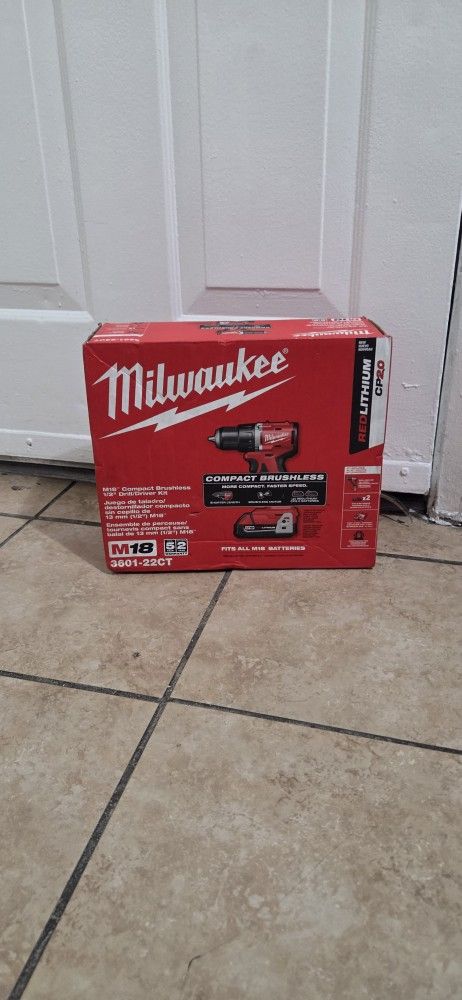 MILWAUKEE M18 VT BRUSHLESS DRILL + 2 BATTERS AND CHARGER SET NEW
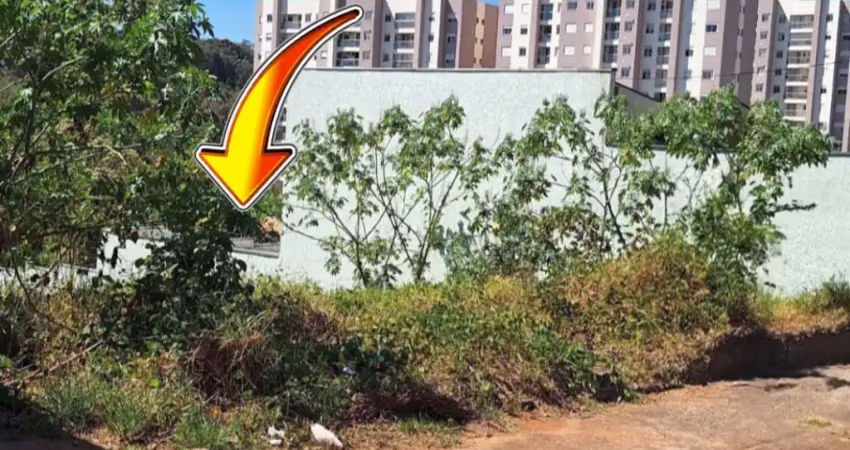 Terreno à venda na Avenida Marcelo Stefani, Jardim do Lago, Bragança Paulista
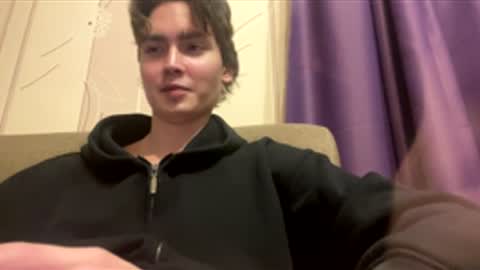 Snapshot of faustfrost chatting on 12.01.25 Faust online show from 12.01.25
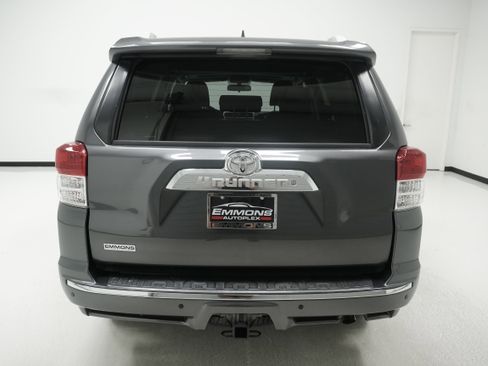 Used 2011 Toyota 4Runner SR5 w/ Convenience Pkg RWD image 5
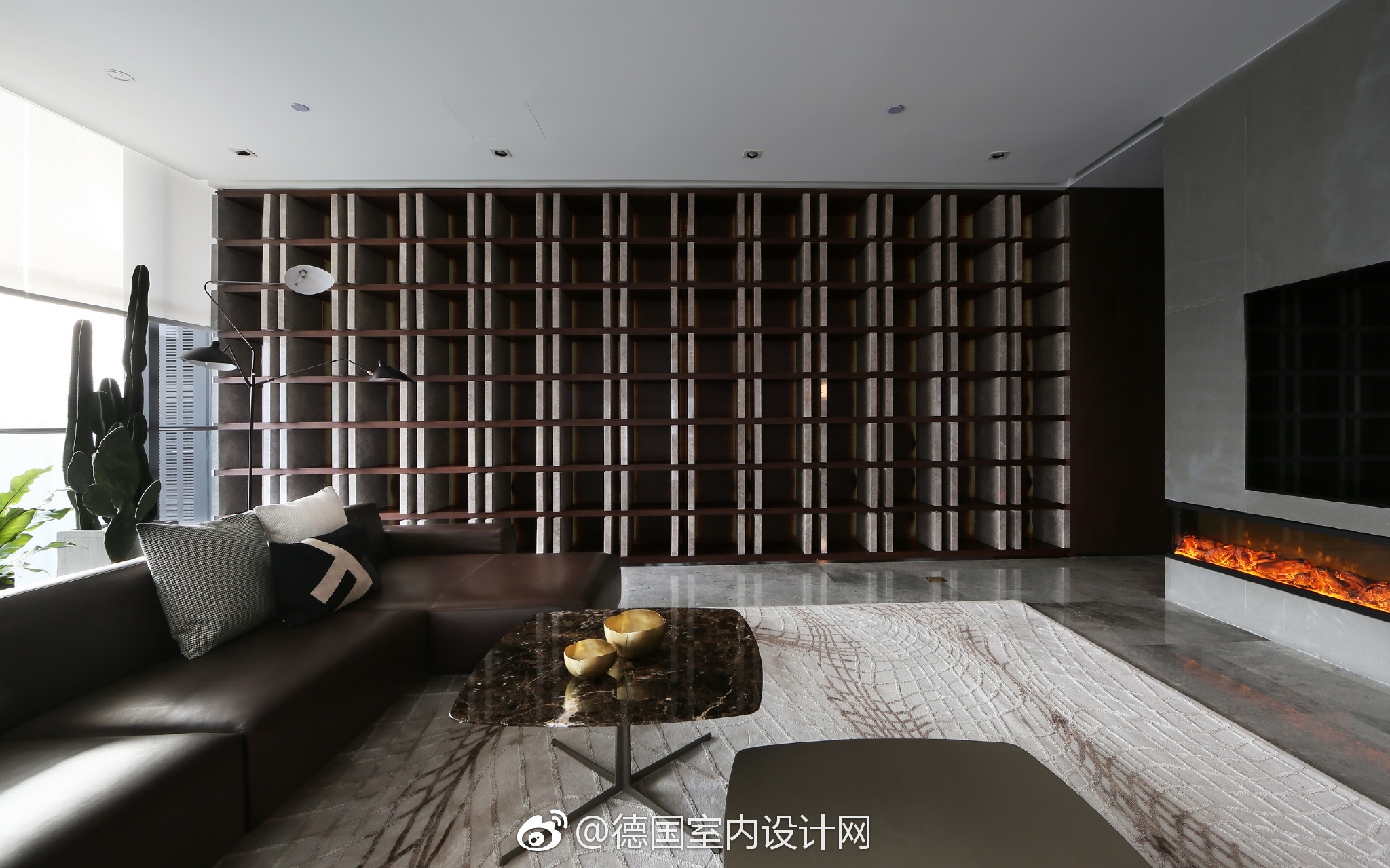 亚邑设计丨米茜尔办公空间。办公大楼的选择本身就像企业的形象一样|米茜尔|办公大楼|隔间|光环境|采光_新浪新闻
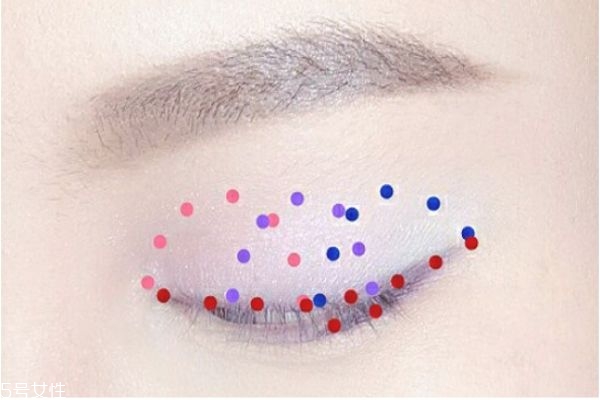 紫色眼影好看嗎 紫色眼妝的畫法 紫色眼影好看嗎 紫色眼妝的畫法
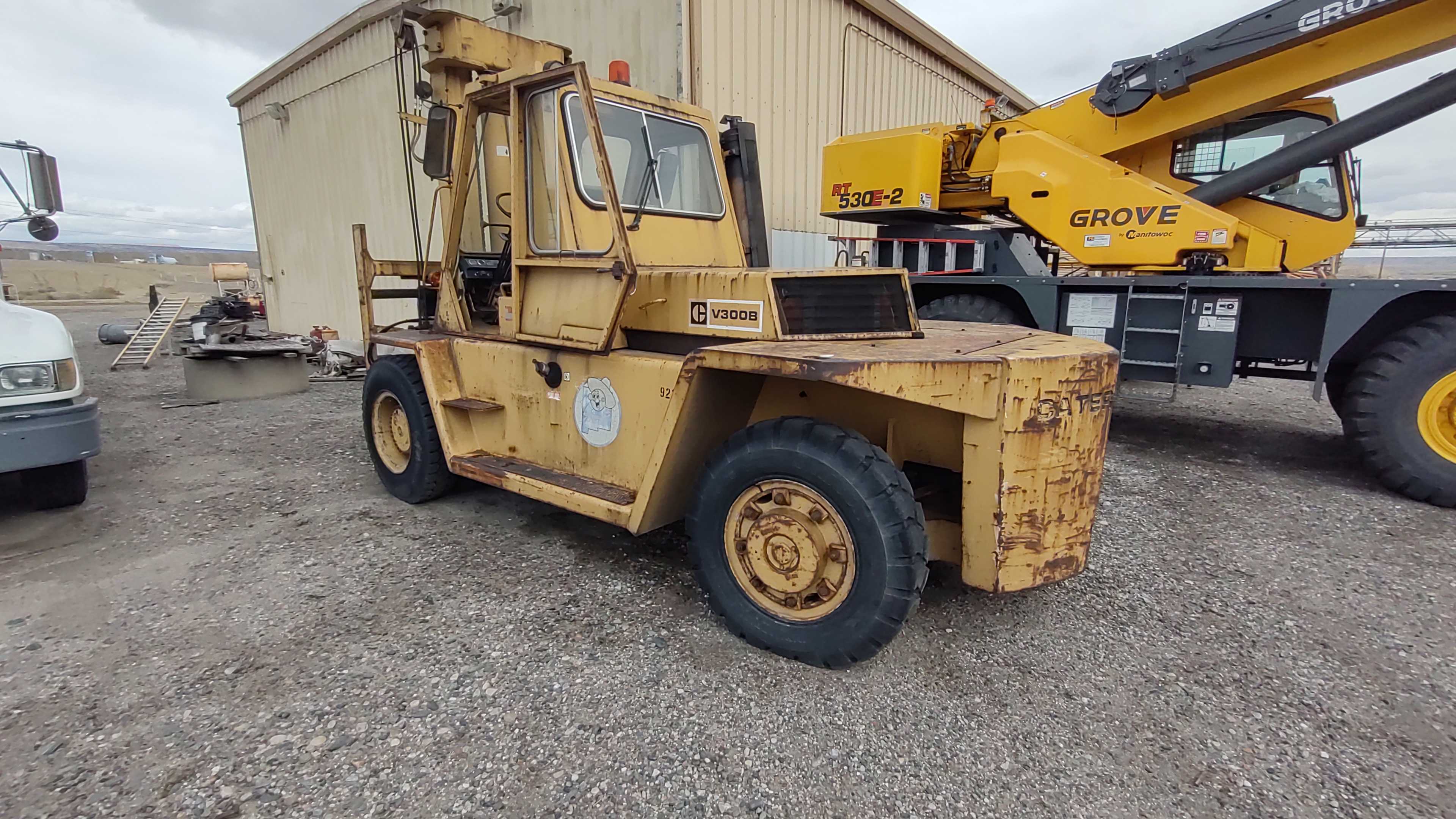 1985 CATERPILLAR V-3008 LOADER - WHEEL LOADERS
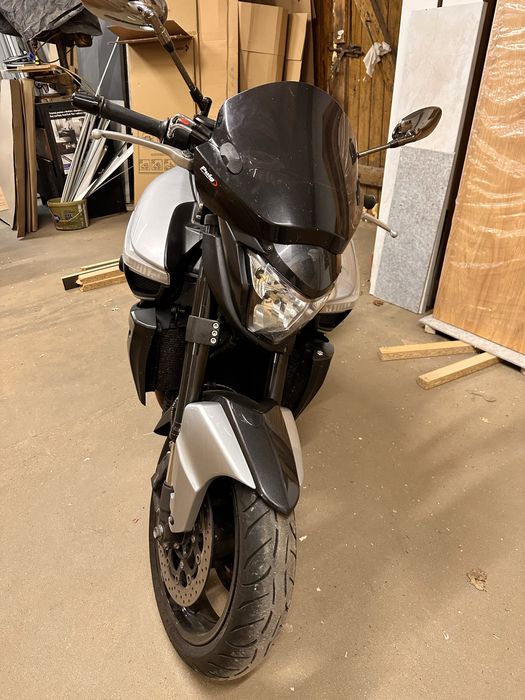 SUZUKI B- king gsx1300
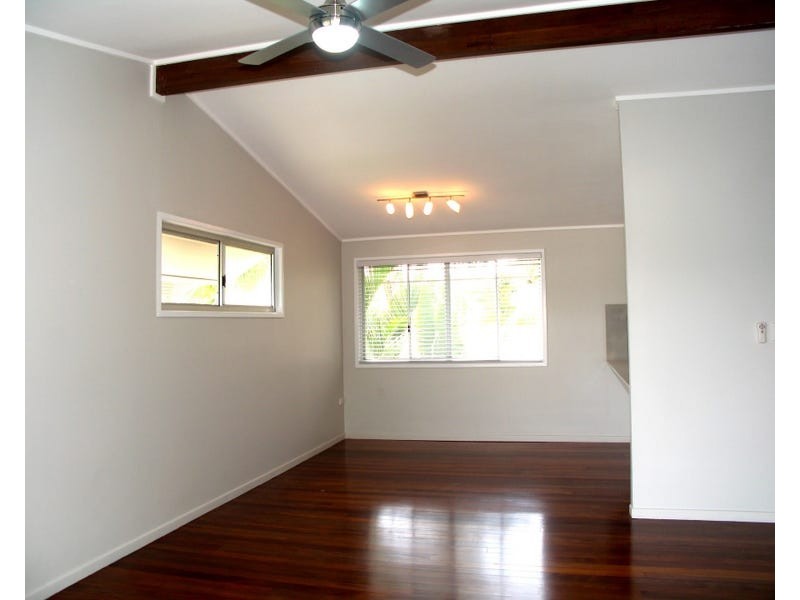 4 Brolga Lane, Noosa Heads QLD 4567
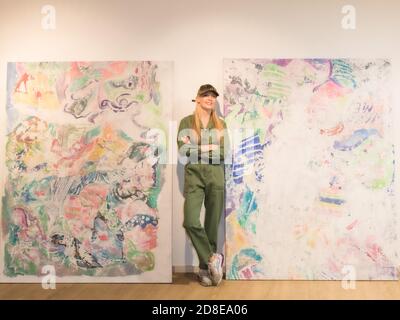 Kunststudentin, Malerin, Moderatorin (Bürgersender TIDE) Alena Bulycheva, Kunstatelier WASHED WORLD II, Hamburg, Mönckebergstraße, Levante-Haus, 15.10 Stockfoto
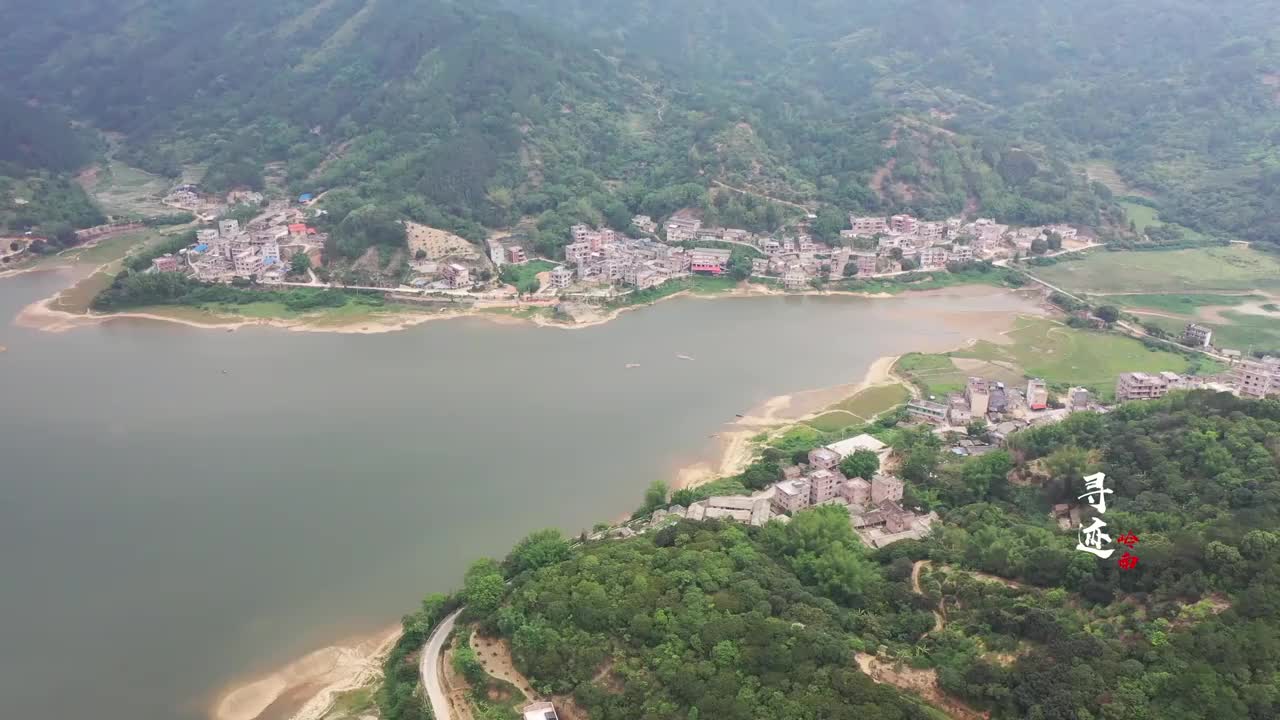 航拍广西灵山灵东水库尾的将加村,人杰地灵的好环境,风景真美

********************

Problem statement: Take the line that contains "亚邑设计丨米茜尔办公空间。办" and every line after it to the end of the records above; quote them exactly, leaving out the pictures.

Written solution:
 亚邑设计丨米茜尔办公空间。办公大楼的选择本身就像企业的形象一样|米茜尔|办公大楼|隔间|光环境|采光_新浪新闻
 紫色眼影好看嗎 紫色眼妝的畫法 紫色眼影好看嗎 紫色眼妝的畫法
 1985 CATERPILLAR V-3008 LOADER - WHEEL LOADERS
 SUZUKI B- king gsx1300
 4 Brolga Lane, Noosa Heads QLD 4567
 Kunststudentin, Malerin, Moderatorin (Bürgersender TIDE) Alena Bulycheva, Kunstatelier WASHED WORLD II, Hamburg, Mönckebergstraße, Levante-Haus, 15.10 Stockfoto
 航拍广西灵山灵东水库尾的将加村,人杰地灵的好环境,风景真美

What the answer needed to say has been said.